» Exercise details:
The copy should hold exactly the lines below from the one that contains "Radio PANASONIC Rx-Ds05" through the one that contains "Sensor NOx, inyección de urea" and nothing else, so no pictures.

» Given records:
####################
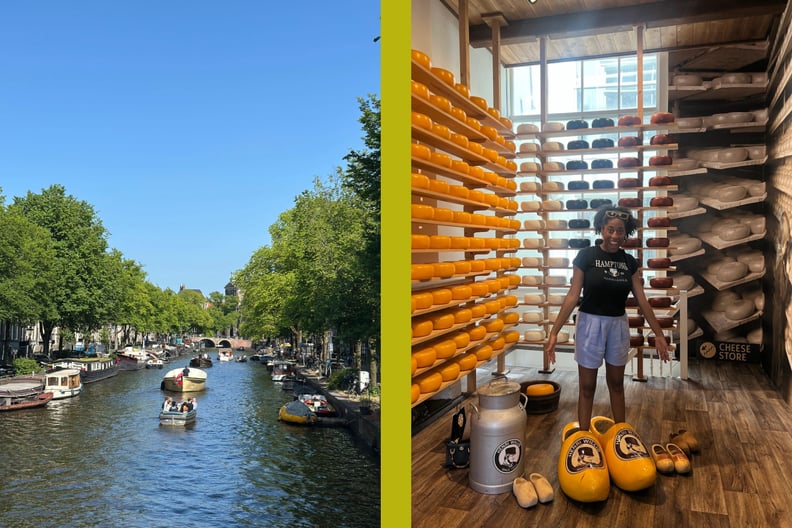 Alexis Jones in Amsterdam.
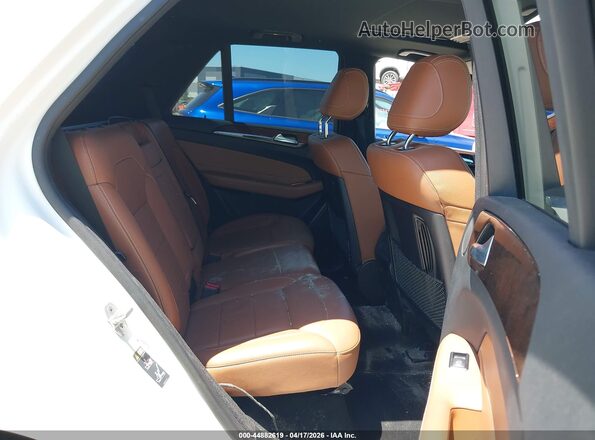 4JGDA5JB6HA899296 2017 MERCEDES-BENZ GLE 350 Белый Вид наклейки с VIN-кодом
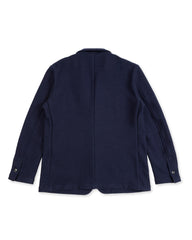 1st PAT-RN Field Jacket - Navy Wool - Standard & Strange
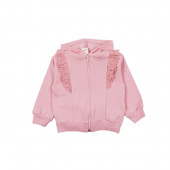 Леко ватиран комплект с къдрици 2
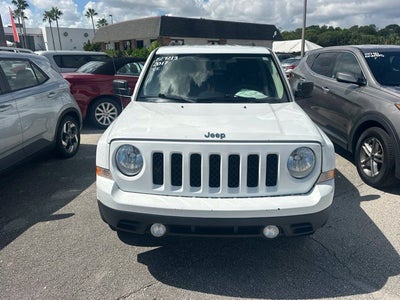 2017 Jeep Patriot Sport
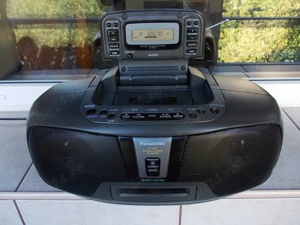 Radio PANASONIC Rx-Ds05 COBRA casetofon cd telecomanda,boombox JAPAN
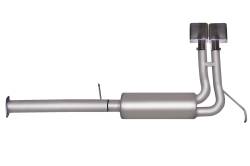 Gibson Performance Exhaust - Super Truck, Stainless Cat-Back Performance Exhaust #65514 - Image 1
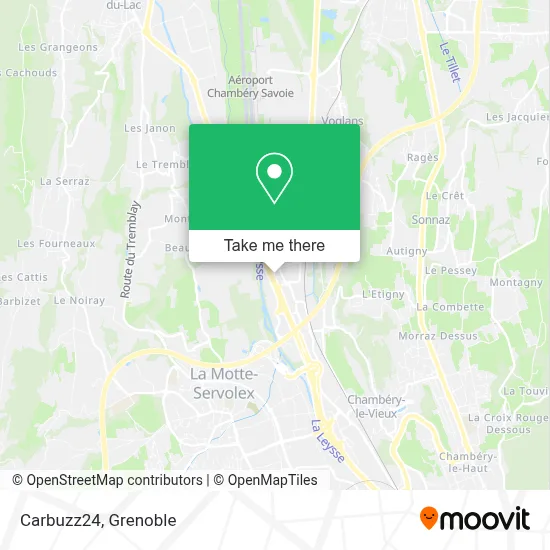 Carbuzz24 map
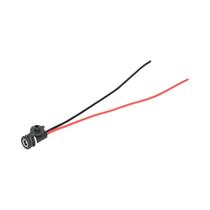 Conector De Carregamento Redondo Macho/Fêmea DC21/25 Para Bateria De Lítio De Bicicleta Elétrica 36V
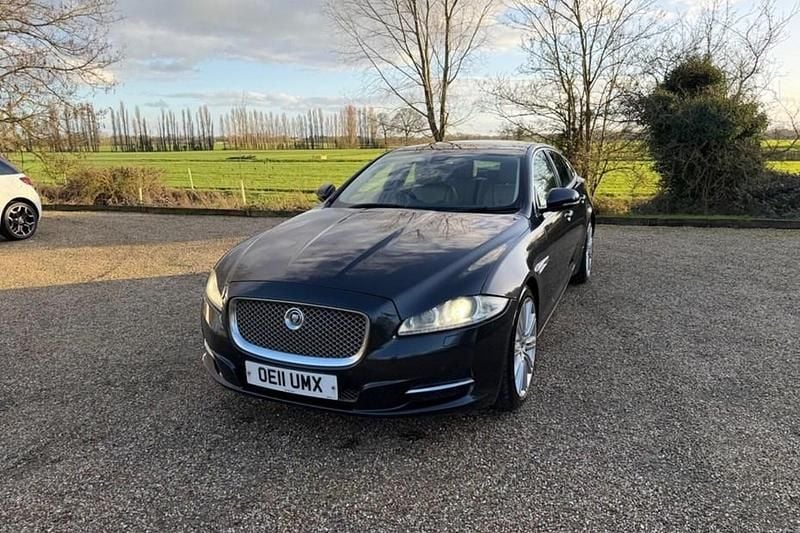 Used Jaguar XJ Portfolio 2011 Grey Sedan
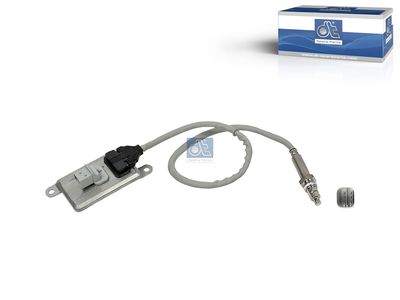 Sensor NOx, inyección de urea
####################
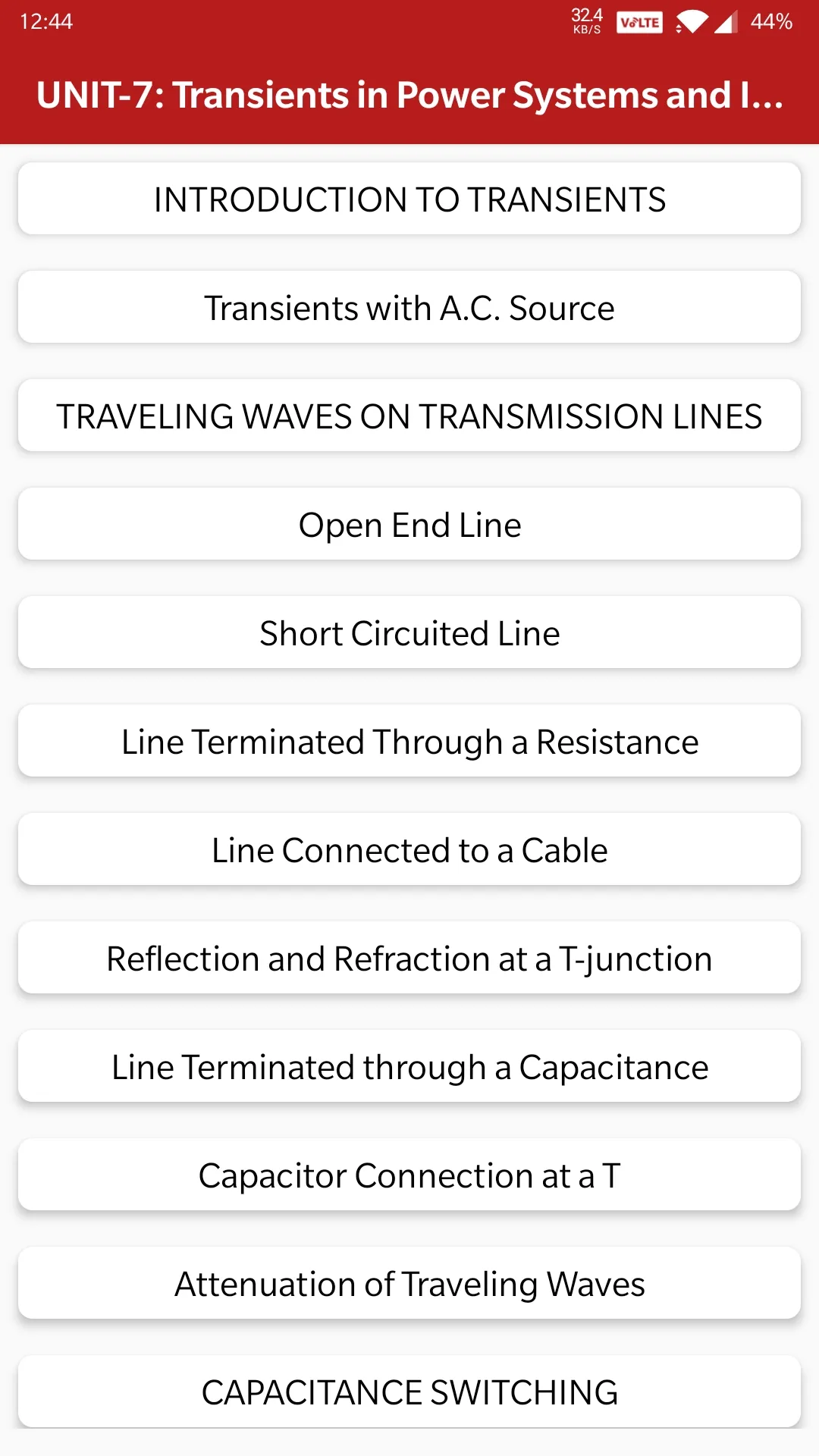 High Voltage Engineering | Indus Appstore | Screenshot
####################
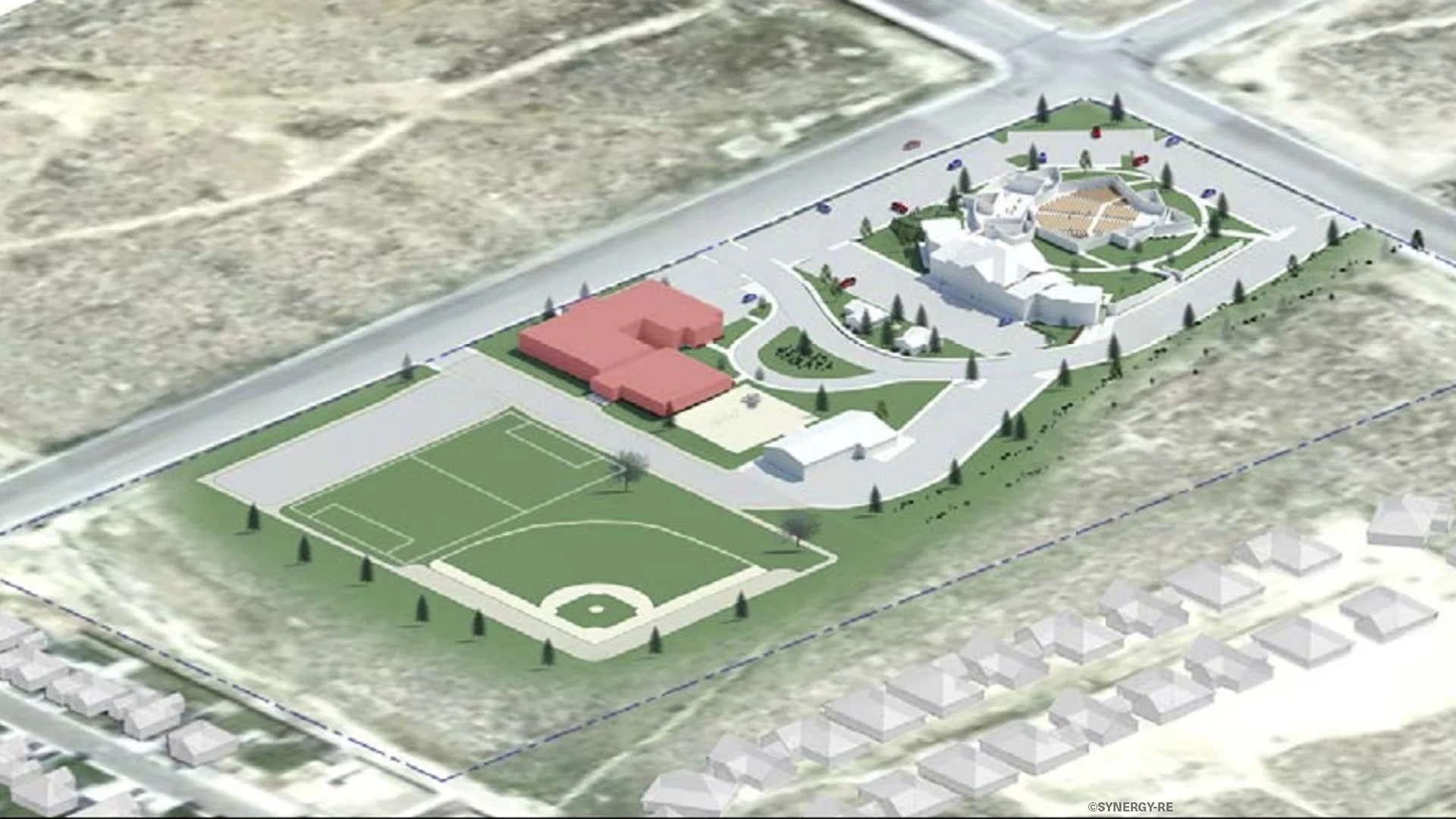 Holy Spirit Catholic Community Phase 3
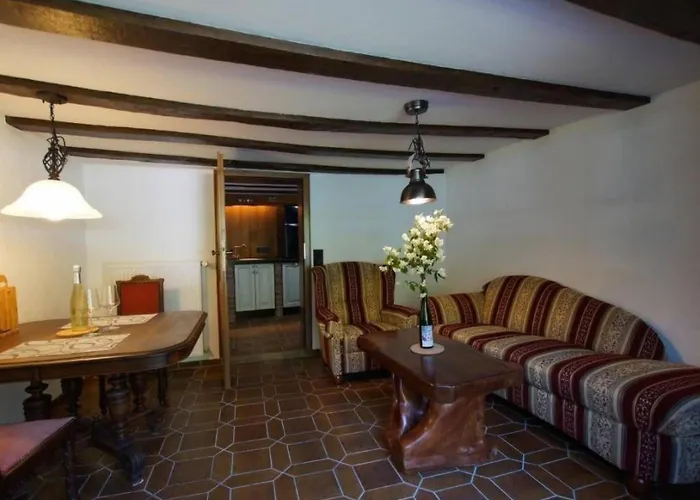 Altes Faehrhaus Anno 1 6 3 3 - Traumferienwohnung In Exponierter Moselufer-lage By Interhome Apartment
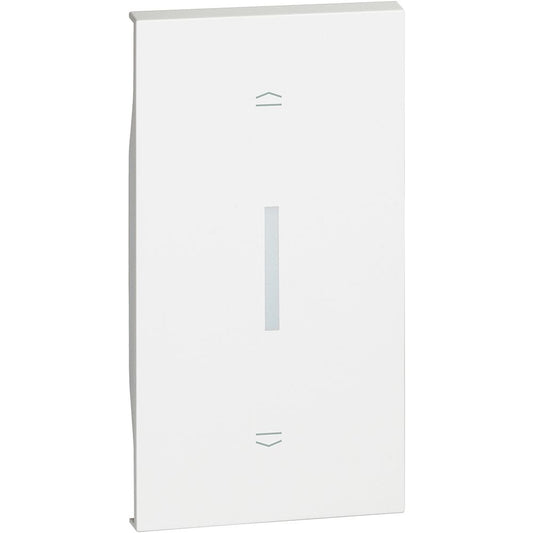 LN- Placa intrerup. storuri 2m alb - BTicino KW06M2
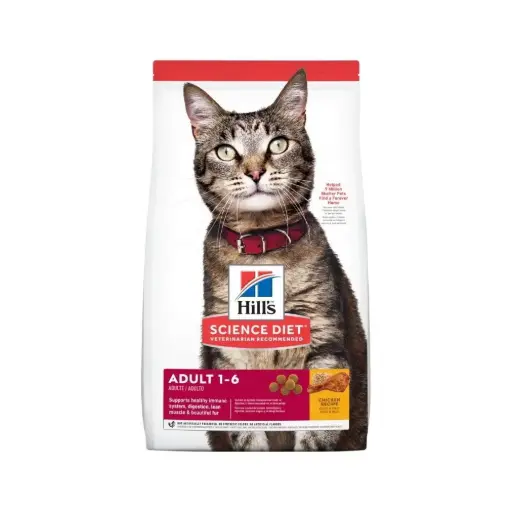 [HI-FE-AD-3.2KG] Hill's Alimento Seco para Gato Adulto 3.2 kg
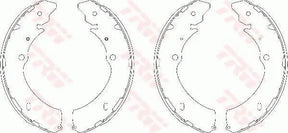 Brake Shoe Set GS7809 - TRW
####################
» Exercise output:
 Radio PANASONIC Rx-Ds05 COBRA casetofon cd telecomanda,boombox JAPAN
 Gibson Performance Exhaust - Super Truck, Stainless Cat-Back Performance Exhaust #65514 - Image 1
 Carbuzz24 map
 Conector De Carregamento Redondo Macho/Fêmea DC21/25 Para Bateria De Lítio De Bicicleta Elétrica 36V
 Used Jaguar XJ Portfolio 2011 Grey Sedan
 Sensor NOx, inyección de urea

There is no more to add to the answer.